2002年度

Geophysical Research Letters


310213
Viscosity change and structural transition of molten Fe at 5 GPa
寺崎英紀* ; 加藤工* ; 浦川啓* ; 舟越賢一* ; 佐藤公則* ; 鈴木昭夫* ; 岡田卓*
Geophysical Research Letters 29(8), p.68_1-68_3(2002) ; (JAERI-J 19843)

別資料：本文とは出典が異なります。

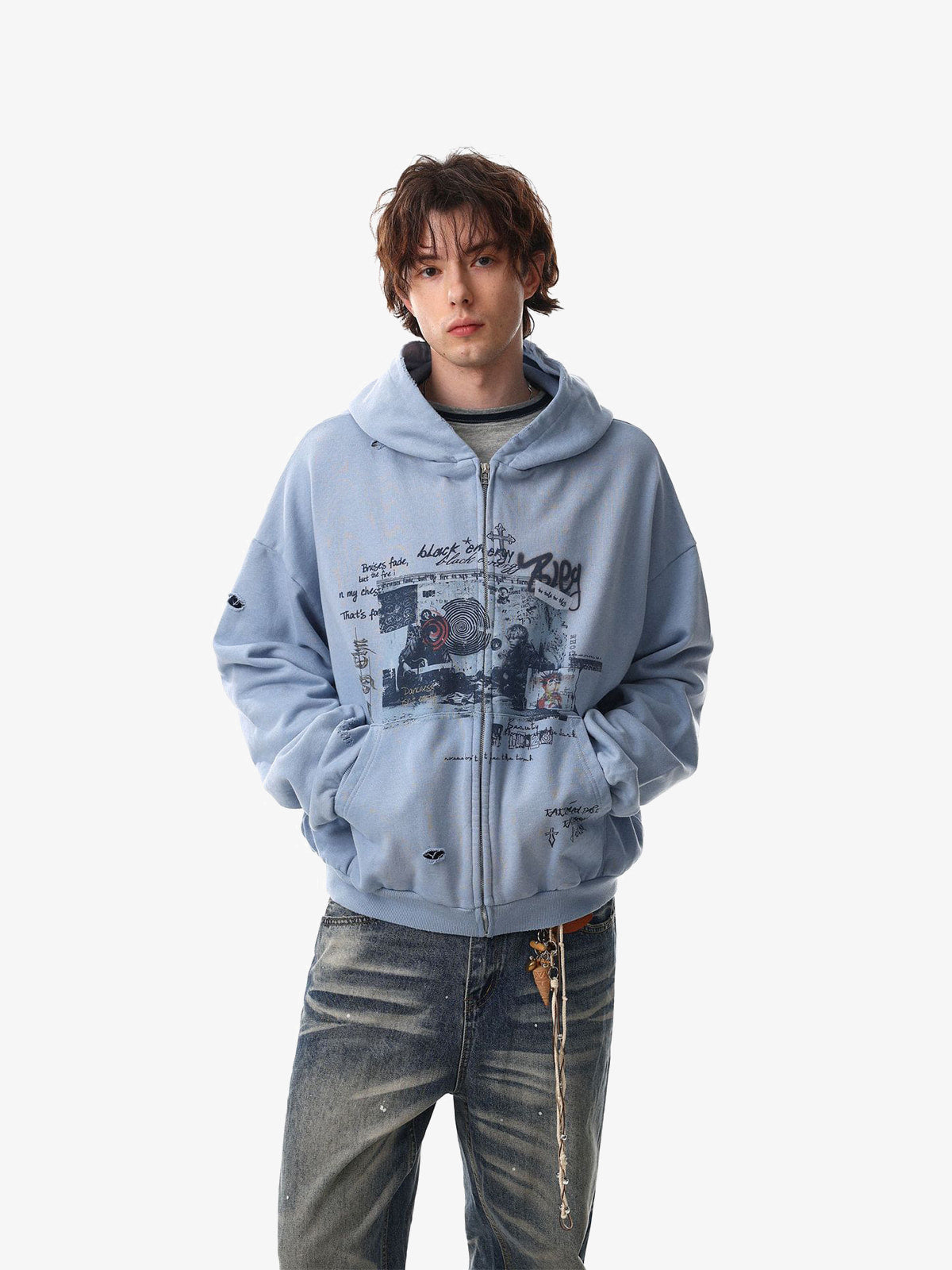 Distressed Plaid Cotton Flannel Shirt for Men with Two Chest Pockets and Ripped Design?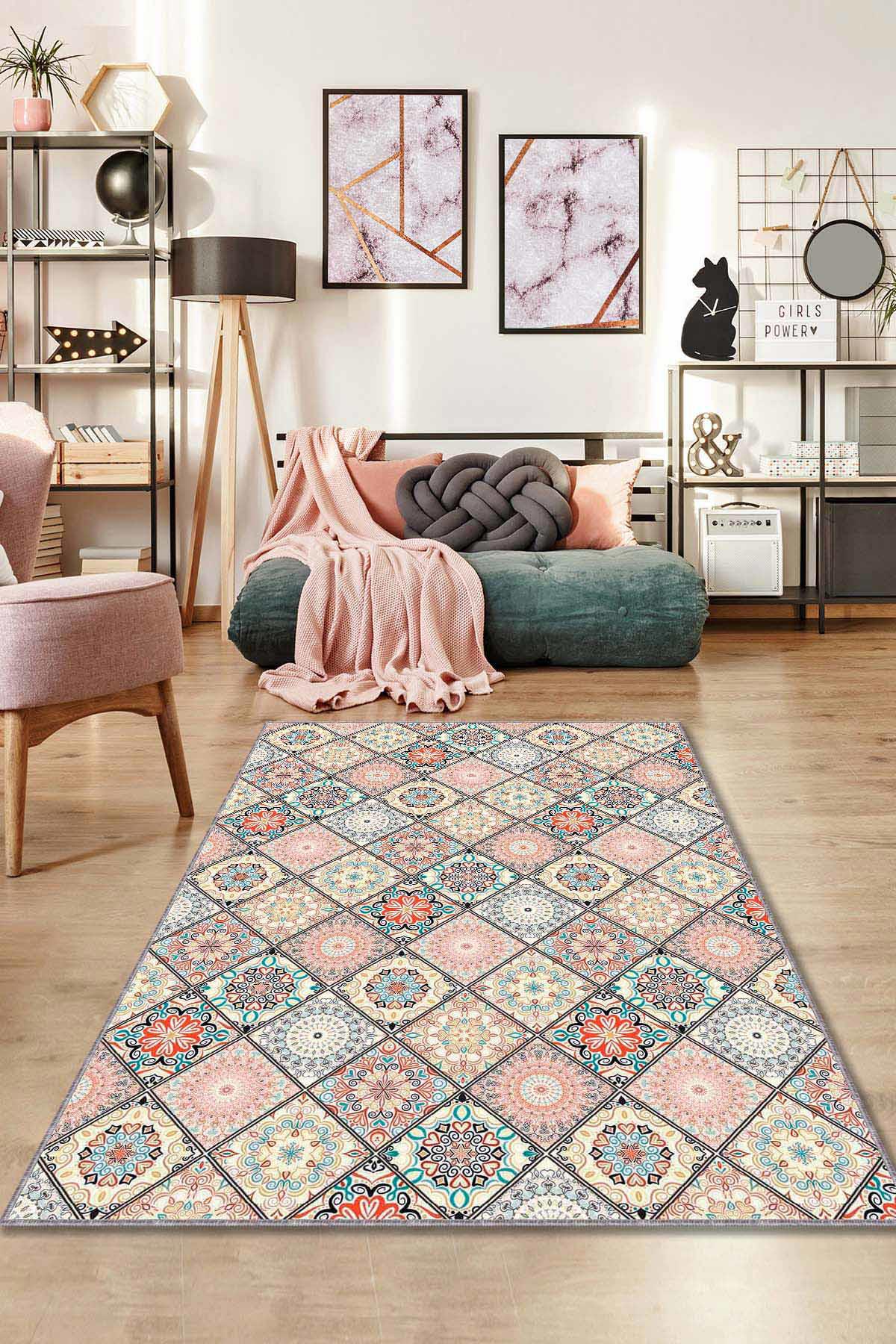 Viva Home AR067 Krem 7 mm Mikropolyester Leke Tutmaz Yıkanabilir Orta Kaymaz Dot Taban Dikdörtgen Makine Dokuma Oturma Odası Halısı 80x350 cm
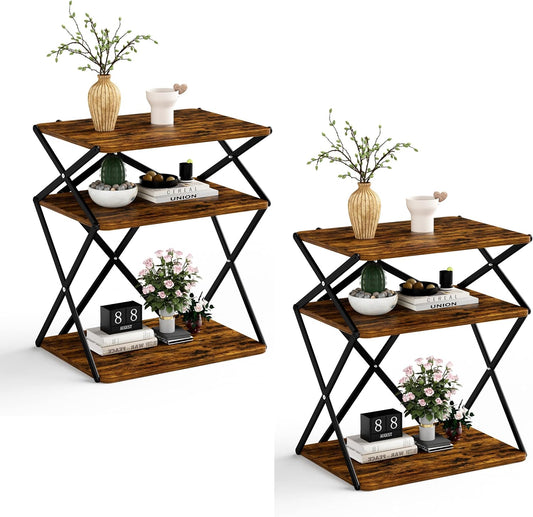 3-Tier End Table Set of 2 Small Side Table Tall Bedside Night Stand with Storage Sofa Side desks for Living Room Bedroom Office Bathroom Small Space Rustic Brown ET-04RB-2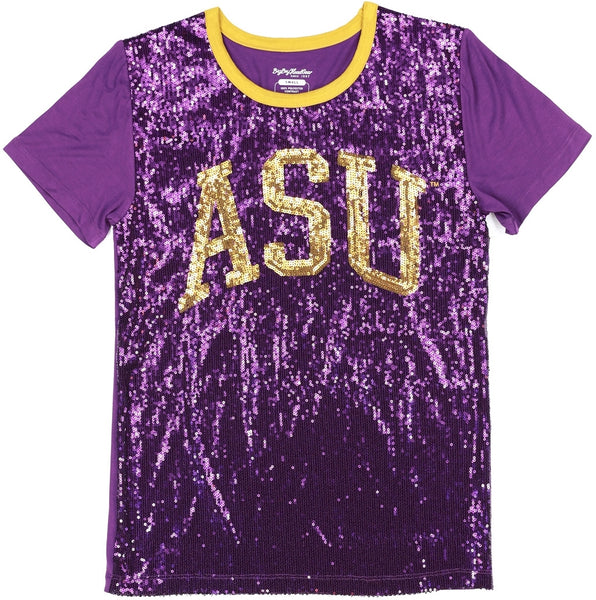 Big Boy Alcorn State Braves S7 Womens Sequins Tee [Purple]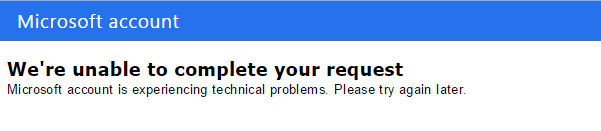 We're unable to complete your request Microsoft account is - Microsoft ...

 高圧下における溶融純鉄の粘性その場測定を,X線影像落球法によりおこなった.約2000Kにおける粘性係数は,2.7-5.0GPaでは15-24mPa sであり,5.0-7.0GPaでは4-9mPa sであった.粘性係数の急激な減少が5GPa付近で観察された,この圧力条件では融点直下における安定固相はデルタ相(bcc)からガンマ相(fcc)に変化する.今回得られた結果は,溶融鉄の構造変化が固相の相転移と近い圧力条件において,狭い圧力幅(1GPa)で起こる可能性を示唆している.


301140
Renewal of the bottom water after the winter 2000-2001 may spin-up the thermohaline circulation in the Japan Sea
千手智晴* ; 荒巻能史 ; 乙坂重嘉 ; 外川織彦 ; Danchenkov, M. A.* ; Karasev, E.* ; Volkov, Y. N.*
Geophysical Research Letters 29(7), p.53_1-53_4(2002) ; (JAERI-J 19564)

 2001年夏,われわれは,例年に比べ厳しい寒さであった2000-2001年の冬季後に日本海底層水が新たに形成されていることを世界で初めて観測した.この日本海北西部海域で観測された新しい底層水は,従来から存在する底層水に比べて低温,高塩,高酸素及び低栄養塩を示した.さらにこの新しい底層水の分布状況は,日本海における海水の深層への沈み込みが日本海北部海域ではなく,ロシア・ウラジオストック南方沿岸で起こっていること,形成した底層水が沈み込んだ海域から今回観測された海域深層へ移流していることを示唆した.底層水が観測された海域に2000年夏から1年間係留した流速計の記録は,2001年2月中旬に急に10cm/secを超えるような下層への強い流れを示しており,2001年1月下旬から2月初旬に海水が表層から深層への沈み込んだことを示唆しているものと思われる.2000-2001年冬季の底層水形成イベントは,日本海における底層水の酸化傾向の抑制,さらには温度躍層循環のスピンアップに寄与する可能性がある.